» TASK PROMPT:
From the material below, please set down exactly the lines starting with the one with "It takes 75,000" and going on through the one with "Hi everybody, Jewel", without a single picture.

» MATERIAL PROVIDED:
══════════════════════════════
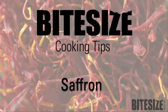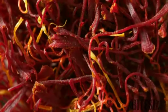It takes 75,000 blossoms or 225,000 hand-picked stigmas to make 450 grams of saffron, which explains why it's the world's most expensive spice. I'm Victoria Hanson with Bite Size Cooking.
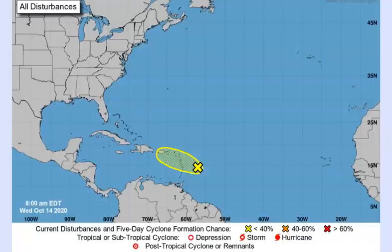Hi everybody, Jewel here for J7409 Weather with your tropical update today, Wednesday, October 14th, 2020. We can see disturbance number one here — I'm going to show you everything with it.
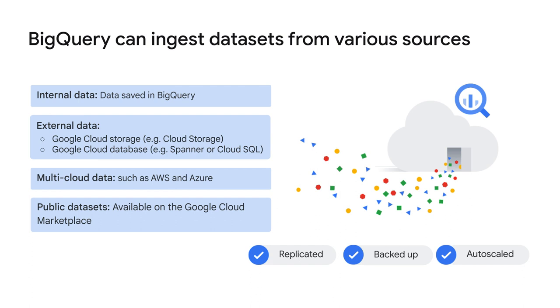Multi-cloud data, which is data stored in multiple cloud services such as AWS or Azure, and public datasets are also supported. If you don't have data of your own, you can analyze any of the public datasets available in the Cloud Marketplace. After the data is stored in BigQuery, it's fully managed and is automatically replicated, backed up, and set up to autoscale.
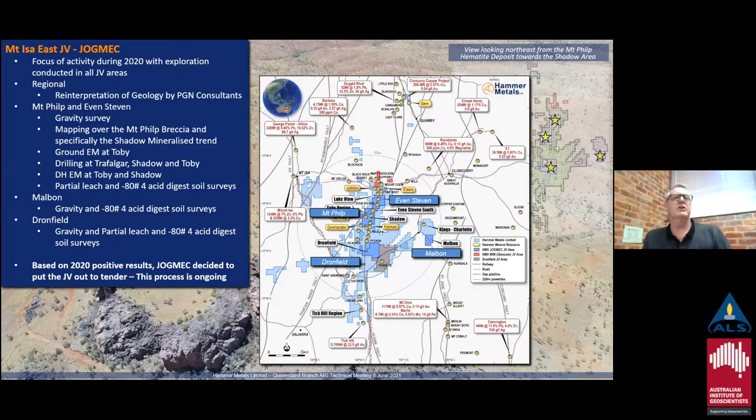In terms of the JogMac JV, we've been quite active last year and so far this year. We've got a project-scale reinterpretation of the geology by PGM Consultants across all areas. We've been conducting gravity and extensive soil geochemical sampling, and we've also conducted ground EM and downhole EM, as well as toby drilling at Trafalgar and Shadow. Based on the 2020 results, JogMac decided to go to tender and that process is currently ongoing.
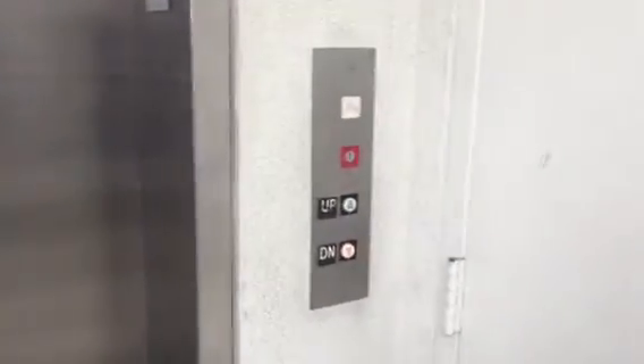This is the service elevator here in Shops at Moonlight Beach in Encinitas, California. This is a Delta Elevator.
══════════════════════════════
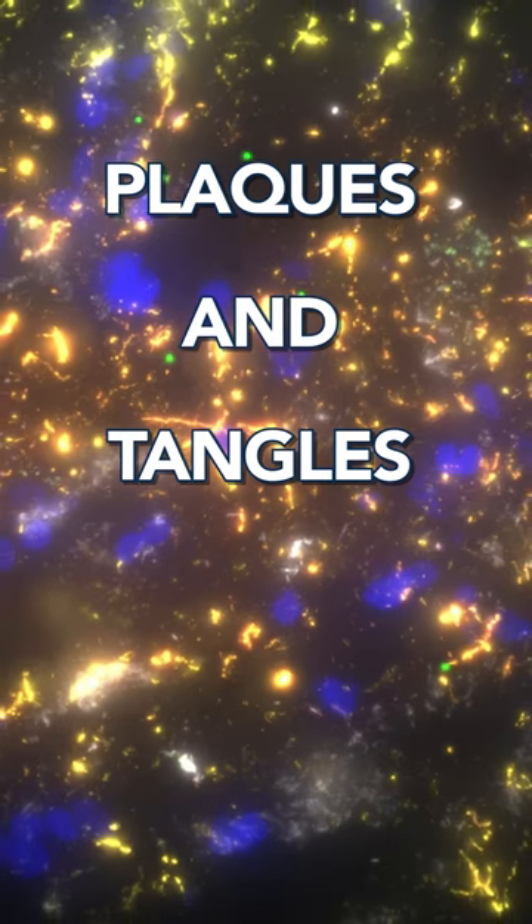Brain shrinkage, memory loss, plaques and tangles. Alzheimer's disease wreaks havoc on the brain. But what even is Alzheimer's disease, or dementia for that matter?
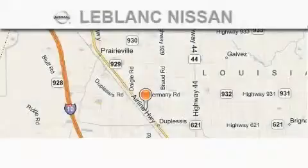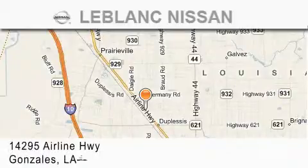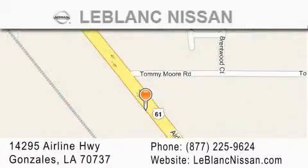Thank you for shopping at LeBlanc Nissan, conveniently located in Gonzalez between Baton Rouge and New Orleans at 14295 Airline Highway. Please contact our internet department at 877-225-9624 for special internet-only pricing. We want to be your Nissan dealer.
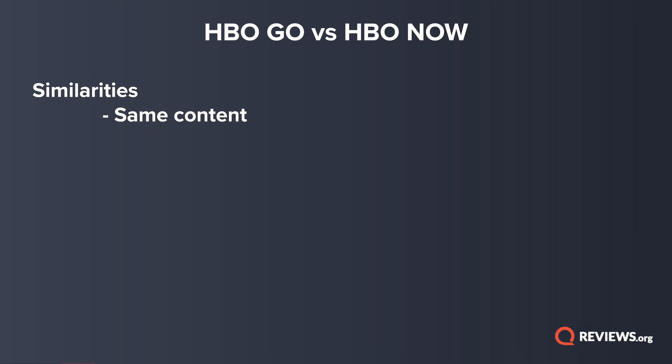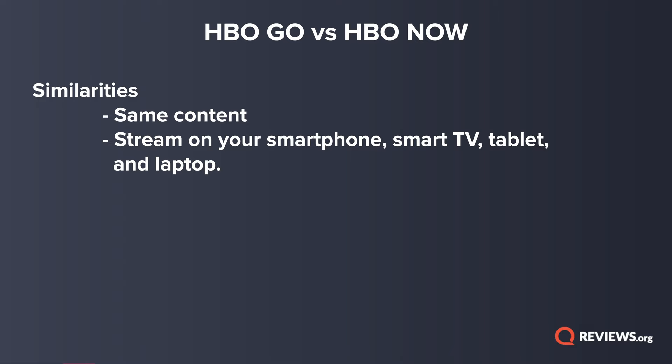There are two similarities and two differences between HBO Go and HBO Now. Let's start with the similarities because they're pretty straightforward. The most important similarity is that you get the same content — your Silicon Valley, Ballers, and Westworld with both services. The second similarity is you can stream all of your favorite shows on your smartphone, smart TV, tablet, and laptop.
══════════════════════════════
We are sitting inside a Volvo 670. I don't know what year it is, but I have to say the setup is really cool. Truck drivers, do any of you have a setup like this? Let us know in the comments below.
══════════════════════════════
» REPLY:
It takes 75,000 blossoms or 225,000 hand-picked stigmas to make 450 grams of saffron, which explains why it's the world's most expensive spice. I'm Victoria Hanson with Bite Size Cooking.
Hi everybody, Jewel here for J7409 Weather with your tropical update today, Wednesday, October 14th, 2020. We can see disturbance number one here — I'm going to show you everything with it.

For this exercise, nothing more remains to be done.